The authors found that primary care patient visits in the HMO setting were 66% more likely to lead to referrals than such visits under an indemnity plans.  Patients in HMOs were less likely to be able obtain self-referrals, however.  Thirty one percent of specialists’ managed care patients were self referred compared to 49.5% of their patients in indemnity plans.  Cross referrals between specialists occurred at similar rates in the managed care and fee for service settings. 
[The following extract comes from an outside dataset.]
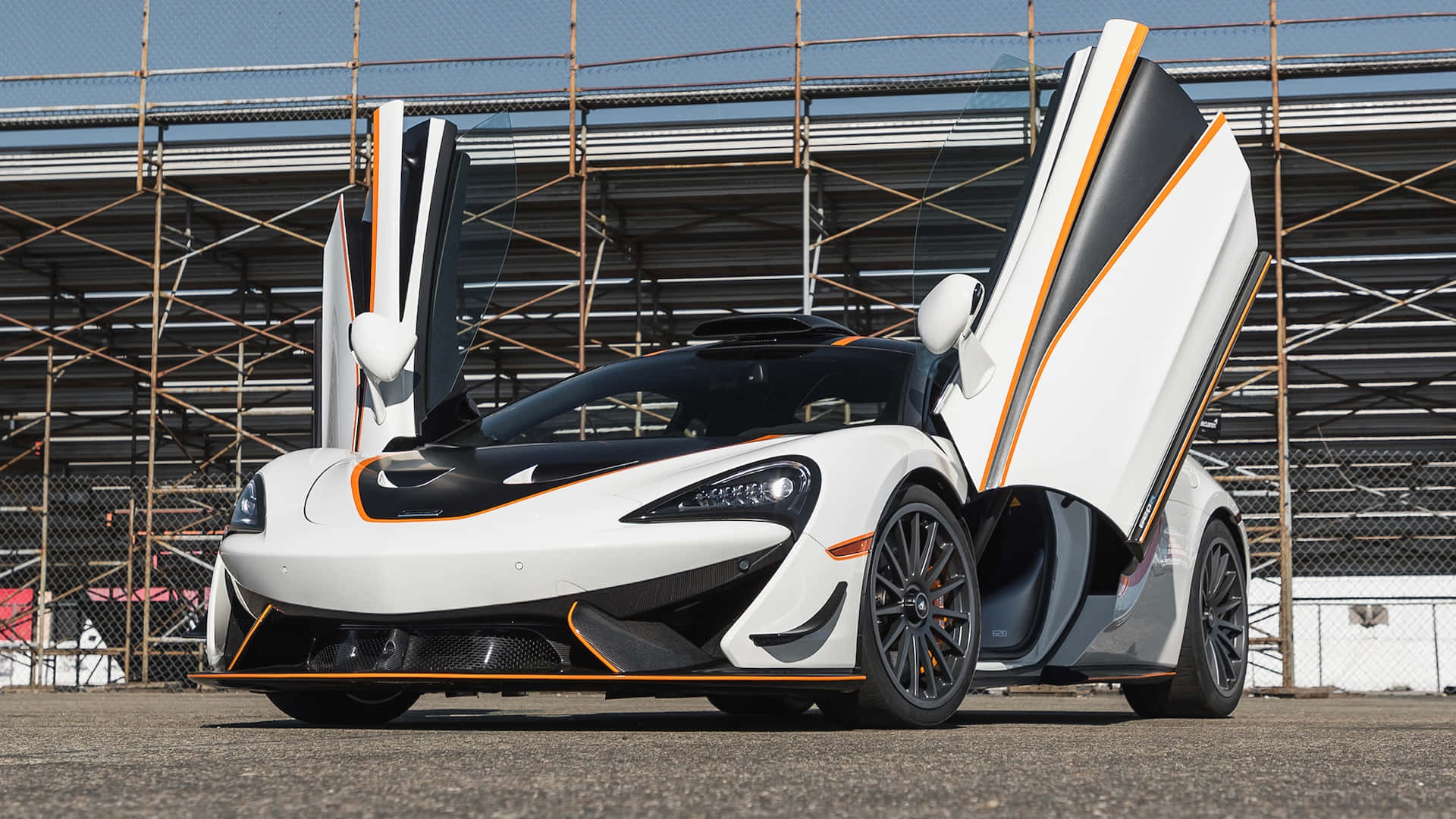 Mclaren 620r 桌布 壁紙 — 一輛帶有橙色點綴和打開蝴蝶門的白色McLaren跑車停在賽道上。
Economists have focused on primary care physicians’ financial incentives to refer patients to specialists.  Stephen Shortell (1973) claims that a social exchange model may more accurately reflect how referrals are performed today.  Mr. Shortell’s article in the Journal of Health and Social Behavior claims that non-financial incentives largely influence to which specialist a patient is referred.  Shortell hypothesizes that 1) a specialist’s status in the field, 2) their friendship level with the primary care physician, 3) their office’s distance from the primary care physician’s office, and 4) whether or not they are on the same network as the primary care physician likely influence the primary care physician’s decision-making process. 

 Forrest, Christopher; and Reid, Robert; (1997) “Passing the baton: HMOs’ Influence on Referrals to Specialty Care,” Health Affairs, vol 16(6), pp. 157-162.

Shortell, Stephen M.; (1973) “Patterns of Referral Among Internists in Private Practice: A Social Exchange Model,” Journal of Health and Social Behavior, vol 14(4), pp. 335-348.